In this article, we will be looking at the 5 best dividend stocks to buy in August according to hedge funds. To see our detailed analysis of dividend investing and these stocks, you can go directly to the 10 Best Dividend Stocks to Buy in August According to Hedge Funds.
5. OneMain Holdings, Inc. (NYSE: OMF)
Number of Hedge Fund Holders: 43
Dividend Yield: 3.1%
OneMain Holdings, Inc. (NYSE: OMF) is a financial service holding company and ranks 5th on our list of the best dividend stocks to buy in August according to hedge funds. The company operates in the consumer finance and insurance businesses in the US.
Arren Cyganovich, an analyst at Citigroup, recently raised his price target on shares of OneMain Holdings, Inc. (NYSE: OMF). This July, the analyst upped the target to $71, versus the previous $64 target, while reiterating a Buy rating on the shares in light of the company’s positive Q2 results.
In the second quarter of 2021, OneMain Holdings, Inc. (NYSE: OMF) had an EPS of $2.66, beating estimates by $0.46. The company’s revenue was $989 million, up 3.67% year over year and also beating estimates by $23.72 million. OneMain Holdings, Inc. (NYSE: OMF) has also gained 8.54% in the past 6 months and 24.06% year to date.
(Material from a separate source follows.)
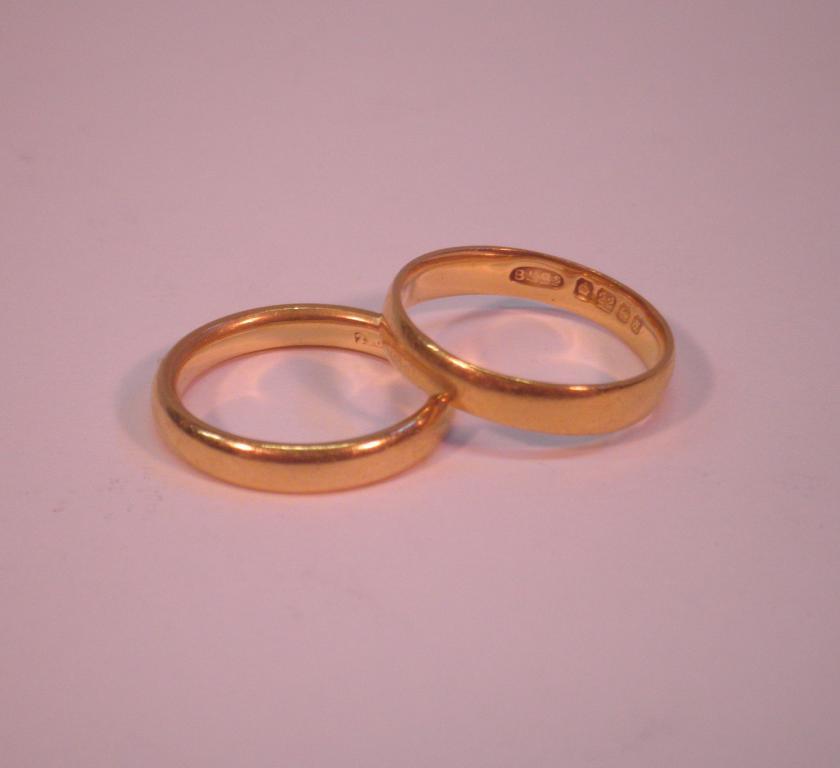 Appraisal: Two yellow metal wedding bands stamped ct grams gross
By the end of the first quarter of 2021, 43 hedge funds out of the 866 tracked by Insider Monkey held stakes in OneMain Holdings, Inc. (NYSE: OMF) worth roughly $886 million. This is compared to 30 hedge funds in the previous quarter with a total stake value of approximately $654 million.
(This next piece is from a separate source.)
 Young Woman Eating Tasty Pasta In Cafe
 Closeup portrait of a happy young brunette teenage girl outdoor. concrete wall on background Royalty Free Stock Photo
“OneMain Holdings (OMF) was the top contributor over the quarter, advancing 56.0% after reporting Q3 Earnings Per Share (EPS) of $2.19, well above consensus of $1.26 and the quarterly dividend, which was increased 36% to $0.45/share (3.5% annualized yield and 11.5% Trailing Twelve Month (TTM) yield). Net interest income of $836M beat estimates of $778M, implying a 24.3% asset yield and 18.7% net interest margin. Origination volumes increased 41% sequentially to $2.9Bn on continued strength in digital while end-of-period net receivables were flat at $17.8Bn. Credit quality remains excellent with net charge-offs of 5.2%, the lowest level since 3Q 2015. Management guided to year-end receivables of $18.1Bn, net charge-offs of 5.6% (from 5.8%-6.0%), and net leverage of 4.3x-4.5x.”